This is one of the reasons why companies should aim to hire experienced engineers.

If the engineers are not experienced, the effort will be focused too much on learning and that will drastically affect progress.

An illustration showing the direction of “Time” or “Effort” that is horizontally moving up, being pulled by the “Progress” more strongly than “Learning”

This is also one of the reasons why big companies don't want to hire engineers who believe they know everything and don’t need to learn.

If the engineers don’t learn or improve on a daily basis, then the code quality will suffer an impact. Lack of code quality by using simple development techniques in the context of more complex problems will create another type of issue. Those issues will make the "Effort" line stronger towards "Progress" in the future for other developers who will have to maintain the code. Since new team members learn with the existing code, it will affect their own learning capacity and also create bugs, performance issues, technical debt, etc.

Being a hero can also cause a similar impact that will affect their own learning capacity.
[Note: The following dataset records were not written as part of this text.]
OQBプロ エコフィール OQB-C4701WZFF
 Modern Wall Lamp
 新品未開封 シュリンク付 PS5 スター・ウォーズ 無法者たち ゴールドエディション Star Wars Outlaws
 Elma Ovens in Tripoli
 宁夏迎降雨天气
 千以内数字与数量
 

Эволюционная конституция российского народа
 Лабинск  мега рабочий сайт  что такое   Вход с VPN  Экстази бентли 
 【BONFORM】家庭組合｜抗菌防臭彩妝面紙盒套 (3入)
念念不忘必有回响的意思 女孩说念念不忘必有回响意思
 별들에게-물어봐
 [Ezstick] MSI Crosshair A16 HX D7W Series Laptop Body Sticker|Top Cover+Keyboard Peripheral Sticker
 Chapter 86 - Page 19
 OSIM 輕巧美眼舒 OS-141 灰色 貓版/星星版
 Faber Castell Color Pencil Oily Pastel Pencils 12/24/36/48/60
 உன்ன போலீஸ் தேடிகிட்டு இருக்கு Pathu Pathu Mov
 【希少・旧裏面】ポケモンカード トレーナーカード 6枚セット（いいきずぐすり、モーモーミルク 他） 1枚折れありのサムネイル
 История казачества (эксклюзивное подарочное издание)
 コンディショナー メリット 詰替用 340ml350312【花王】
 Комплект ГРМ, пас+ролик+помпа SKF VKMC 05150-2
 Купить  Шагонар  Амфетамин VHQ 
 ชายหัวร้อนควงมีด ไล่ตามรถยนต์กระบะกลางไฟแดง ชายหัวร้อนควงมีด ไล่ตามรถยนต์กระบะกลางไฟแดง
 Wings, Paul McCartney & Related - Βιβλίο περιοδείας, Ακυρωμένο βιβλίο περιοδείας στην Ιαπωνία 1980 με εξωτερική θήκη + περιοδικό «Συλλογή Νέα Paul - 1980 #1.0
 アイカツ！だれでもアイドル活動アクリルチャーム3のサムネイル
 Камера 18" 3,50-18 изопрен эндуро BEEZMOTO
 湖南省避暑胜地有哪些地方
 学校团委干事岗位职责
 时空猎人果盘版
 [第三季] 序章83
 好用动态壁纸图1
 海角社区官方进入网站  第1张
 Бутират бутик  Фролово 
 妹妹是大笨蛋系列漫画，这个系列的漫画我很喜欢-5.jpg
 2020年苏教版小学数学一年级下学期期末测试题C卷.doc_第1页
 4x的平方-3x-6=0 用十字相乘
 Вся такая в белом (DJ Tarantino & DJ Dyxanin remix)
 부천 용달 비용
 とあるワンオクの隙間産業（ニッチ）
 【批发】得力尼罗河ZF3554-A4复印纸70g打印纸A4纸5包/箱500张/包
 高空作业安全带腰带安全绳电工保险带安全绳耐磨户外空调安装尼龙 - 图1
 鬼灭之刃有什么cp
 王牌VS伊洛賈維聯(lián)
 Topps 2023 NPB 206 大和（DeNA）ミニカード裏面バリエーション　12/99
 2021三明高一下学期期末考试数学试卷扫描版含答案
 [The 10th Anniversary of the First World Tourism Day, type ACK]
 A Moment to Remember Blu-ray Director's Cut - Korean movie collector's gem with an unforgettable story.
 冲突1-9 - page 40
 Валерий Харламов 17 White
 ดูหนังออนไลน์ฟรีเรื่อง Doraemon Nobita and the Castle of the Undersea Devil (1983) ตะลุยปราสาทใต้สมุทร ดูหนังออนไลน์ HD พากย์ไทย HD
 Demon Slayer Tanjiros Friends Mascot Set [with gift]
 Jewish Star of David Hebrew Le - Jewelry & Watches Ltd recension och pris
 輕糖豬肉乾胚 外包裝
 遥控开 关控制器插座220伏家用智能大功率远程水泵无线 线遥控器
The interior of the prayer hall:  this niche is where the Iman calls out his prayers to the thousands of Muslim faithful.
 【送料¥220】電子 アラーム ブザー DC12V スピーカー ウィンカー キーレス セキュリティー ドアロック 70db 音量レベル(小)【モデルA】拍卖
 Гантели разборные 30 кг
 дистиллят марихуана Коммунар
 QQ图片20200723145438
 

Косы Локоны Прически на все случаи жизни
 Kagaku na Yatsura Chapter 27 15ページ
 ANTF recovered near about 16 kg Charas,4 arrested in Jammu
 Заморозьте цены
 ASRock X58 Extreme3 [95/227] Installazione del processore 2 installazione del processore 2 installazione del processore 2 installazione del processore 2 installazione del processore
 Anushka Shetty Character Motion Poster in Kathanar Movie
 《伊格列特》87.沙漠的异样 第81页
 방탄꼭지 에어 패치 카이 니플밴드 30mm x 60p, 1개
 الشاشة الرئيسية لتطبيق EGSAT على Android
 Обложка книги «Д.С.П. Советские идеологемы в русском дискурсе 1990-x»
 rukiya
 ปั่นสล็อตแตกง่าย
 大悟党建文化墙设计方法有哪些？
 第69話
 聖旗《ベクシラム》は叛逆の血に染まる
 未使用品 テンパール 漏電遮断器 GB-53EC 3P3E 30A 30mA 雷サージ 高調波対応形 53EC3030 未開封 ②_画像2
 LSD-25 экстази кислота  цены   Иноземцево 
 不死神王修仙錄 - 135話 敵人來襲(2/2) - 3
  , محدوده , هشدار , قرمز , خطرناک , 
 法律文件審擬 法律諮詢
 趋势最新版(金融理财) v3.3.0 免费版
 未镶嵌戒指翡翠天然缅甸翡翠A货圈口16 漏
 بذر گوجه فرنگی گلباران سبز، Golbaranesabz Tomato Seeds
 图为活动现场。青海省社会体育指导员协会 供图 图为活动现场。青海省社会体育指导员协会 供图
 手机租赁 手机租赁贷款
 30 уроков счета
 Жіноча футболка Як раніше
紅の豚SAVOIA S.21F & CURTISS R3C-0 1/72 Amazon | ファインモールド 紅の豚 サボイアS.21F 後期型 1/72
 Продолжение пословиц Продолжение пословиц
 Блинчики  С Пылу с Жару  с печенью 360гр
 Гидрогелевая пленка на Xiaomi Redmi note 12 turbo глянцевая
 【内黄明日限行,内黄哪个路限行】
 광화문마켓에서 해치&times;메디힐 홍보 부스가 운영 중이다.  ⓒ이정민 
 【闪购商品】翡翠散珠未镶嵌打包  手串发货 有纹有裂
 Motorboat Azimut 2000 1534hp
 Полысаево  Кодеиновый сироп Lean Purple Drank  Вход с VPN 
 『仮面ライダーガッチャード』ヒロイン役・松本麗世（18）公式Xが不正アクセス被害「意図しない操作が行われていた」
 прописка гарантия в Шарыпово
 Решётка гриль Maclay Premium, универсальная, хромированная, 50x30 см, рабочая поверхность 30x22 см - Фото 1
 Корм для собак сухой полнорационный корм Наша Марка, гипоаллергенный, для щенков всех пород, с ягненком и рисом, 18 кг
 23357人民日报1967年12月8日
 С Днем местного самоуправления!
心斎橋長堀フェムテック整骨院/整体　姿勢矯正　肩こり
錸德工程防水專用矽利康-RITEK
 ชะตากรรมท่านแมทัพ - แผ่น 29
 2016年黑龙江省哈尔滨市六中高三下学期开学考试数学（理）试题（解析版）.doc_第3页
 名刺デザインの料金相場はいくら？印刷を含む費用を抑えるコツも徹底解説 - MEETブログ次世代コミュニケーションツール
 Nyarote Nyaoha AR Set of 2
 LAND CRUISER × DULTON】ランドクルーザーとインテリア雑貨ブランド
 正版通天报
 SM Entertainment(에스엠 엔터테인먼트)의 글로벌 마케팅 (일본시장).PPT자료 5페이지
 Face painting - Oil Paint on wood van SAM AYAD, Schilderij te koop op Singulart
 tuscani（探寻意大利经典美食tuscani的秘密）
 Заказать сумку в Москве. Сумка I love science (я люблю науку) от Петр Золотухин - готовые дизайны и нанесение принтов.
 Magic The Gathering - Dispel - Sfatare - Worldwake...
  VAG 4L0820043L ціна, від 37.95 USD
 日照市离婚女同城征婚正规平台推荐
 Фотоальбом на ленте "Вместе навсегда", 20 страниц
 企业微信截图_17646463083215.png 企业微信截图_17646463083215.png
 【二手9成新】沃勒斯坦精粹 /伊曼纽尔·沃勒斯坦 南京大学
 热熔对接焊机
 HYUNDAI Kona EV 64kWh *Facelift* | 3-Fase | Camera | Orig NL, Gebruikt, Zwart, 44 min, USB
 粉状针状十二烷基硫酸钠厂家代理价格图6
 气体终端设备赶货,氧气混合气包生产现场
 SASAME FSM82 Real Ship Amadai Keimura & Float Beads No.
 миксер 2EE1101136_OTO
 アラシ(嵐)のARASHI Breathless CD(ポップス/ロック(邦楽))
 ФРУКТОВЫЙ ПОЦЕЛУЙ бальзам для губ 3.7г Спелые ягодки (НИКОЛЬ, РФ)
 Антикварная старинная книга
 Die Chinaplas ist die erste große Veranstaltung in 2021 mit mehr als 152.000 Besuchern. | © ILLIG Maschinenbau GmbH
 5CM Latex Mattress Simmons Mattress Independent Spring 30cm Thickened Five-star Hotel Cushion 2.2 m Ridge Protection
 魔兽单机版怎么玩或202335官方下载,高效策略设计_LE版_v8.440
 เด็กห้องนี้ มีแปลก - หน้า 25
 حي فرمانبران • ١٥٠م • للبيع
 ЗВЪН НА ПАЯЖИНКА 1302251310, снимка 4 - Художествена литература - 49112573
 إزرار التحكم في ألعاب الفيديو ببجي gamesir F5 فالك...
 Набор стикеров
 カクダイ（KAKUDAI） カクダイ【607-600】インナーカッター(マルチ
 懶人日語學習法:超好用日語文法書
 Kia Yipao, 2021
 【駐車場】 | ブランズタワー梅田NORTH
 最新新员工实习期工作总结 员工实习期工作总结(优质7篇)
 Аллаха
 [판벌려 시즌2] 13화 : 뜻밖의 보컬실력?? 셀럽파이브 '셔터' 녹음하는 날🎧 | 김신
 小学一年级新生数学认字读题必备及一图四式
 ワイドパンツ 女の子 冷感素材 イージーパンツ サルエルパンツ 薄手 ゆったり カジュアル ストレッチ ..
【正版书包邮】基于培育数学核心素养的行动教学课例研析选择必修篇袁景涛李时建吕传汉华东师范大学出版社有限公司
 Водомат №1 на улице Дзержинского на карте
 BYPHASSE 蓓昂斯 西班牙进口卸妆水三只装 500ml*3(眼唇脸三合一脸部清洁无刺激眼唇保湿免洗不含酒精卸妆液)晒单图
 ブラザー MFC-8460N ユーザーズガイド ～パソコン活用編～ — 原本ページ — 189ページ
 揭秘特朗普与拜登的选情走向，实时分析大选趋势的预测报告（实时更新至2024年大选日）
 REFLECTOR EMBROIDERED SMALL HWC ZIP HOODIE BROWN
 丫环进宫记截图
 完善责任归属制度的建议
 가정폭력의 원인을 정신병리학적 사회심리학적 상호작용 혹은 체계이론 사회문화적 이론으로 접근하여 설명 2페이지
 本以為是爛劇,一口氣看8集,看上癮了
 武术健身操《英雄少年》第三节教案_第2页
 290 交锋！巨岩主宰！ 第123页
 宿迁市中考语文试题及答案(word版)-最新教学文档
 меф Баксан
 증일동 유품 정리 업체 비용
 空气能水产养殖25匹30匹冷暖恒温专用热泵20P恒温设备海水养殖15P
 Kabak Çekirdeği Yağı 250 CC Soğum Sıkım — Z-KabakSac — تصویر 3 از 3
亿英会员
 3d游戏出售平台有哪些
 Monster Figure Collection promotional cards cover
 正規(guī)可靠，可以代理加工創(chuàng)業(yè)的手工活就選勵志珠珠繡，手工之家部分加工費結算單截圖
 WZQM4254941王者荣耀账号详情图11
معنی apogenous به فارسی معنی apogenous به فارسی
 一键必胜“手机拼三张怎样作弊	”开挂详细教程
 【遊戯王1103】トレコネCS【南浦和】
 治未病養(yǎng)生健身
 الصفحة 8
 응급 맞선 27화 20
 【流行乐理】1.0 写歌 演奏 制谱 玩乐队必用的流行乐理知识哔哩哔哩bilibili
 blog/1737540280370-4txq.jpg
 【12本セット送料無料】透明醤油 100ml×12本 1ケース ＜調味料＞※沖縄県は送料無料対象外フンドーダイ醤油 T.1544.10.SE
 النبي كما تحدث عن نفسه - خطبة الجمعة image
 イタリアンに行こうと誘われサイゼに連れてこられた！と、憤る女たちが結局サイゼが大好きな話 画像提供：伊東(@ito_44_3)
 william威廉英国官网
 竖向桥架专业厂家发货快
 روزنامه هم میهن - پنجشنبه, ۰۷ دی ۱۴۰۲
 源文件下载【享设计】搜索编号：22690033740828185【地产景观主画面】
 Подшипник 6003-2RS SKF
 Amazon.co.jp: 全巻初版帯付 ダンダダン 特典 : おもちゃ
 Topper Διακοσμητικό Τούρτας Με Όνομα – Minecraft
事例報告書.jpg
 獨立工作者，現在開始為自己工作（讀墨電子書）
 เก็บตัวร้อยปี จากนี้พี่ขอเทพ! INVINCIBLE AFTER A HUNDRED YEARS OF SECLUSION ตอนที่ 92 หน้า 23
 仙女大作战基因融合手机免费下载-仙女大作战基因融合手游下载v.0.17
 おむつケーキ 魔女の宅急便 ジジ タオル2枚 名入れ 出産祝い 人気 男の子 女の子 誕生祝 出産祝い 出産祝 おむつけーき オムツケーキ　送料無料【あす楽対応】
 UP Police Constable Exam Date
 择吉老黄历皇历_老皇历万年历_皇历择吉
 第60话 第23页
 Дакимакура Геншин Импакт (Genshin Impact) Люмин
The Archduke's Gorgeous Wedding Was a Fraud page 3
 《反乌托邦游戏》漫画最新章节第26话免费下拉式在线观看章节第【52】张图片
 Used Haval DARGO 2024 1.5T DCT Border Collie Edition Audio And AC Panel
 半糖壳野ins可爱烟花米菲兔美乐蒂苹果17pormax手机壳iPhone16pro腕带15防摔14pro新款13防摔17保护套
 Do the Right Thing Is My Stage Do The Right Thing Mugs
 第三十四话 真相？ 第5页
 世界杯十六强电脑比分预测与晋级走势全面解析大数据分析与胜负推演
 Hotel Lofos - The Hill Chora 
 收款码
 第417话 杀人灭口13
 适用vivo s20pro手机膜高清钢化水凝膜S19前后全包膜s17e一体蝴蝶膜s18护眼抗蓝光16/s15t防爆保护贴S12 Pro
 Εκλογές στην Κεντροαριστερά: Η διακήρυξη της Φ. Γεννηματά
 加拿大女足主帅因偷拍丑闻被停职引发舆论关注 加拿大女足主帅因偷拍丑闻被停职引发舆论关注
An illustration showing the direction of “Time” or “Effort” that is horizontally moving up, being pulled by the “Learning” more strongly than “Progress”

When dealing with learning and progress towards a goal you need to find the balance. Too much learning will affect progress and too much progress will affect learning. It's not an exact science and the balance can be different for every team or project.

When you learn by answering the right questions, you are more prepared to try things many times, fail, learn and try again, but that requires additional effort. However, if you don’t take the time to learn from the right questions, you can do things quicker. But if you fail once, you’re lost and might have to start all over again.

What we can do is to understand our options and try to identify the right balance between learning and progress for each context.

An illustration showing the direction of “Time” or “Effort” that is being pulled by the “Learning” and “Progress” equally. The Time goes in the direction of a goal, that is located between in the middle of two rocks representing the “wrong direction”.

The balance is what's gonna drive you to the better solution.

Continuous Improvement is a way to verify that you are, at least, heading in the right direction.